The boys and Professor Snodgrass were walking back toward the Express, and were somewhat by themselves, when Jerry noticed the figure of a man lying on a pile of seat cushions on the railroad embankment.
“Let’s carry him back to the doctor!” cried Ned, and he advanced to take hold of one corner of the seat, which was like an improvised stretcher. The man on it never moved.
“We four can carry it nicely,” said Jerry. “Catch hold here, Professor.”
Mr. Snodgrass used one hand to reach for the corner of the plush-covered seat. His left he held clenched, some distance away from his body. As might have been expected, with only one hand, he could not lift his corner.
“What’s the matter?” asked Ned. “Is your hand hurt, Mr. Snodgrass?”
“Hand hurt? No. Why?”
“You’re not using it. Why do you hold it that funny way?”
“Funny way? I--er--bless my soul! It’s my collar button. I’ve been holding my collar button all this while. I started to put it in my shirt when I heard the call for help, and I guess I was so excited and absent-minded that I’ve been holding it ever since. I wondered why I couldn’t do more work, and all the while it was because I only used one hand. The other held the collar button. How stupid!”

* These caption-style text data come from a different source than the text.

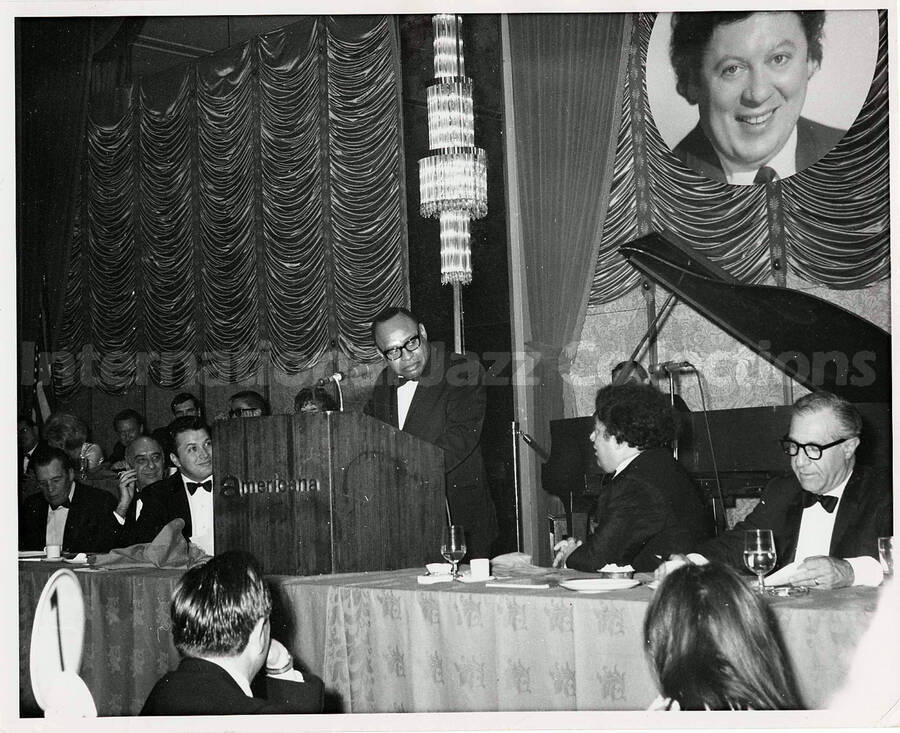 8 x 10 inch photograph. Lionel Hampton speaks observed by an unidentified man. The podium reads: Americana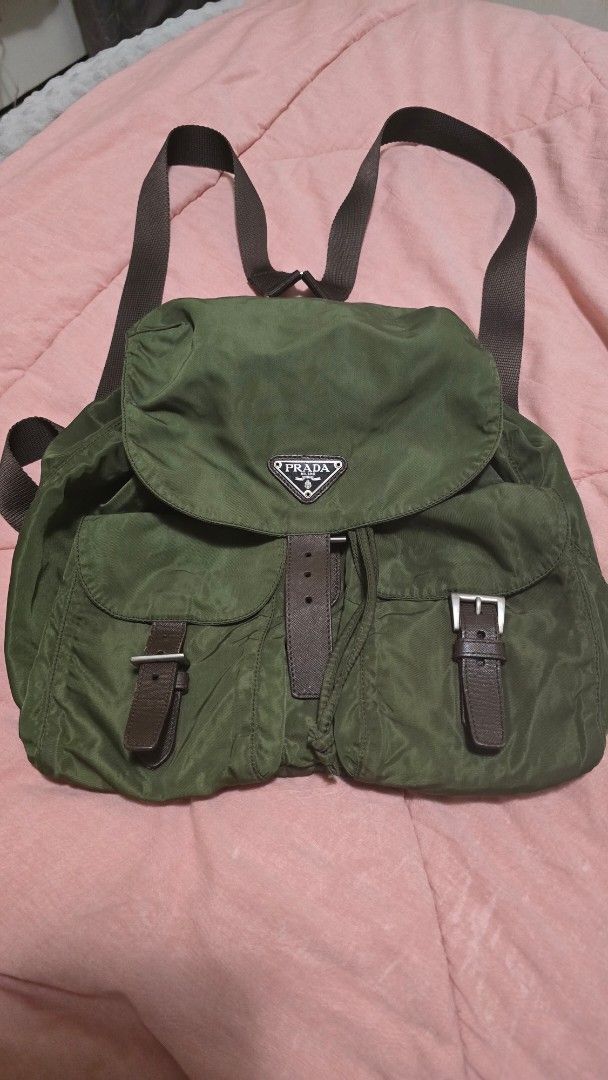 Prada Nylon Backpack Green Leather Accents (Category: Luxury Bags & Wallets) located in Las Pinas. Submitted by insouciant_worrier (Listing ID 1455468340, Image 1). Description: - Authentic Prada Backpack - Color: Olive Green Nylon TAKE NOTE: - Bought online from an authentic luxury reseller on FB - No inclusions.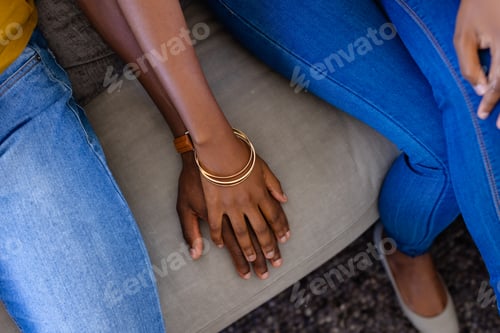 Preview: Midsection of african american couple holding hands sitting on couch at home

He thrust the button into his pocket, while the boys could hardly restrain a smile. Then, with the professor’s two-handed aid, the sufferer on the seat was carried to the rear. He had fainted from a comparatively slight injury and was soon being cared for.
A little later, with all the wounded from the Limited on board, and all the other passengers squeezed in somehow, the Express backed up, went around the wreck by means of a switch, and headed for Denver.
The boys were beating the Limited, which they had missed, but they would reach the Western city considerably in the rear of Noddy Nixon for all that, since the Limited could not now pass the local train on which the bully and his cronies were riding.
“Well, it can’t be helped,” remarked Jerry, as he saw Mr. Montrose, whose little daughter they had rescued, caring for his wife. Gladys was happy with her injured doll.